You can guarantee your Annuity for a specific number of years so it continues to pay the income for that time even if you die before then. The income is then usually paid to your spouse, partner or other dependent.

Joint-Life Annuity

This type of Annuity will pay out to you and then to your spouse or partner after your death (normally at a reduced rate, such as 50%).

Level Income Annuity

This pays out the same amount of pension income throughout your life, but does not increase in line with inflation.

Increasing or Escalating Annuity

This pays out an increasing amount of pension income during you life, either at a fixed rate (for example 3% or 5%) or a rate which is linked to inflation, known as RPI (Retail Prices Index). Although the index-linked Annuity pays out less than a level Annuity initially, over time it should exceed the level Annuity if you live long enough..

Value Protection

Value Protection: This is a lump-sum death benefit equivalent to the pension fund you used to buy the annuity, minus the income you've already been paid and will be paid to your estate or beneficiaries. This would be paid tax-free if you were to die before age 75 and taxable at your beneficiaries' marginal if you die post 75.

Tax-Free lump-sum

Under current rules, from age 55 you are allowed to withdraw up to 25% of you Pension Fund as a tax-free lump-sum.

Enhanced Annuities

You may be able to get an Enhanced Annuity if you smoke regularly or are overweight.
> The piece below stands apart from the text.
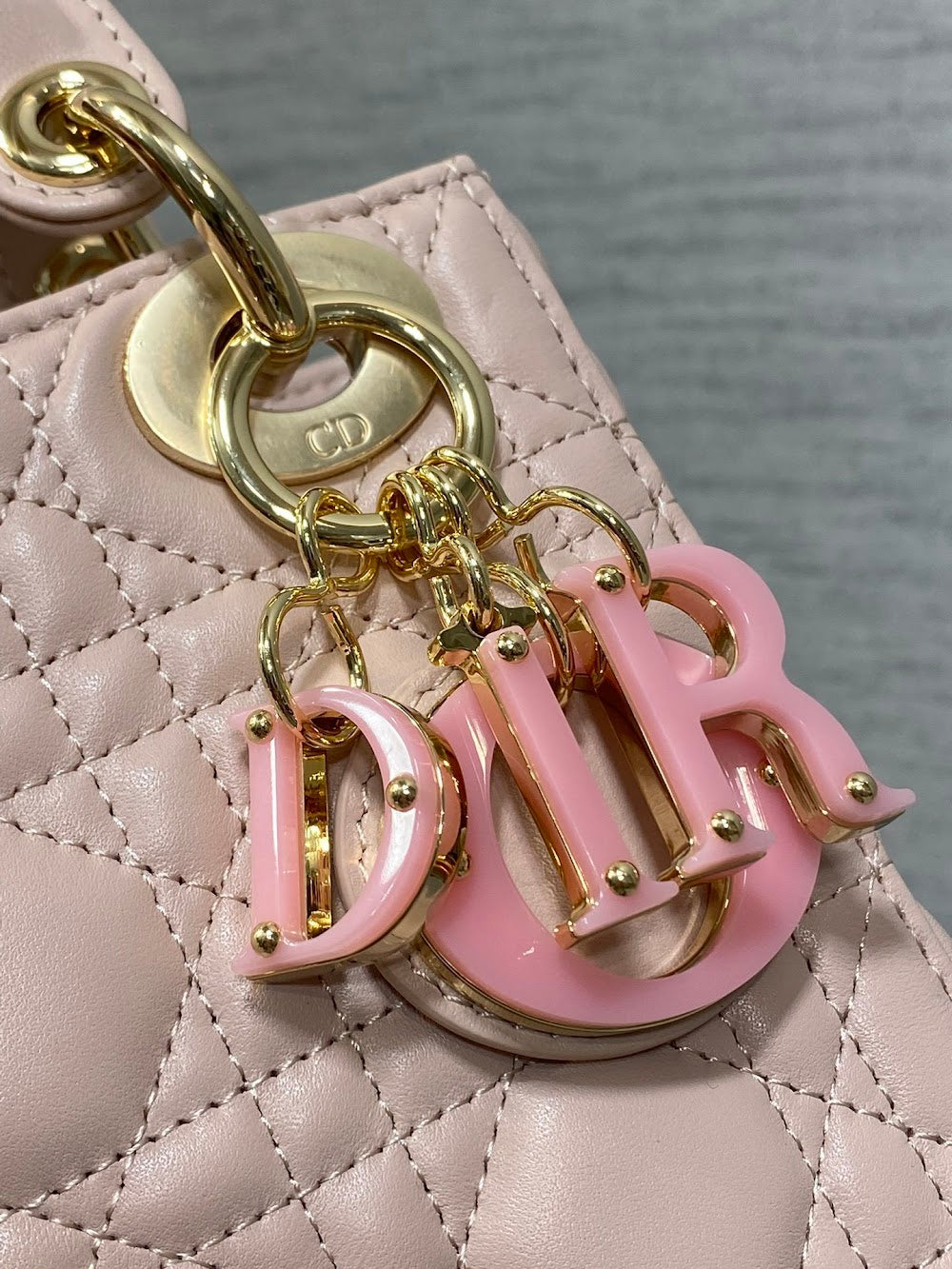 new-designer-premium-bags-nm16199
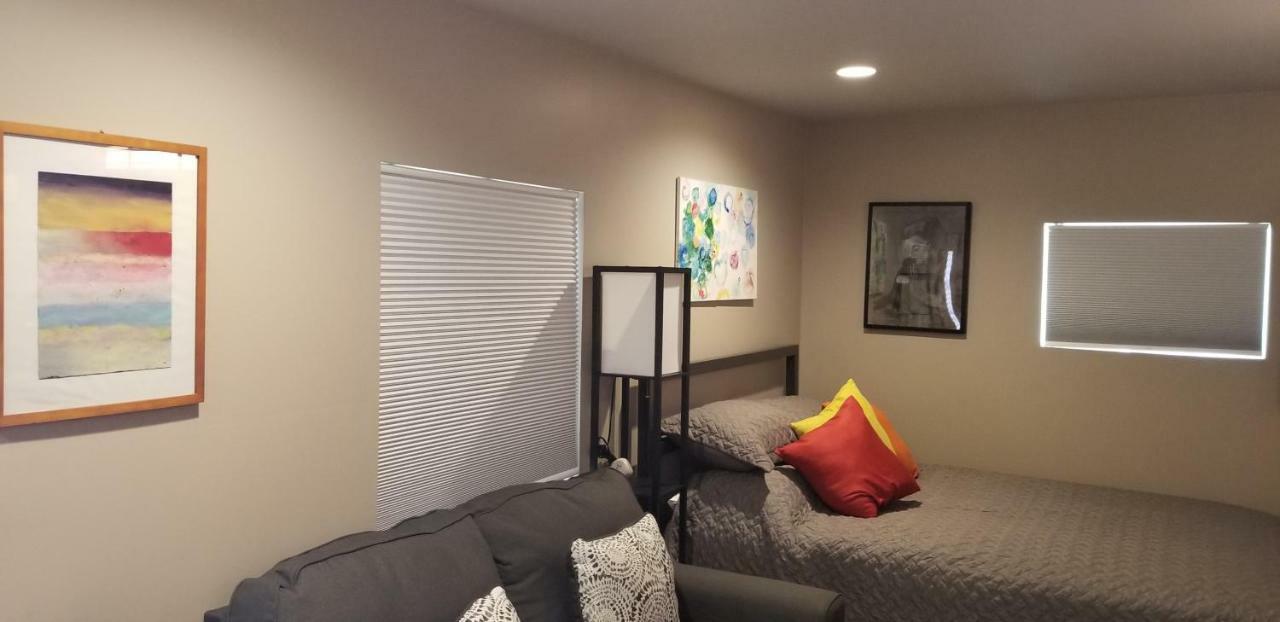 Best Little Guesthouse in Melrose! New Listing! Phoenix Exterior foto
Some companies offer higher rates to people who have followed certain occupations or people who live in certain parts of the country. It is always worth checking if you may be eligible for either of these options.

Impaired Life Annuities

Some companies specialise in offering Annuities that pay a higher than normal income if you have health problems that threaten to reduce your lifespan. These are called Impaired Life Annuities, and the relevant health problems might include cancer, chronic asthma, diabetes, heart attack, high blood pressure, kidney failure, multiple sclerosis or stroke.

Income Drawdown

This is an alternative to buying an Annuity when you retire. Essentially it allows you to draw an income from your pension fund while the fund remains invested.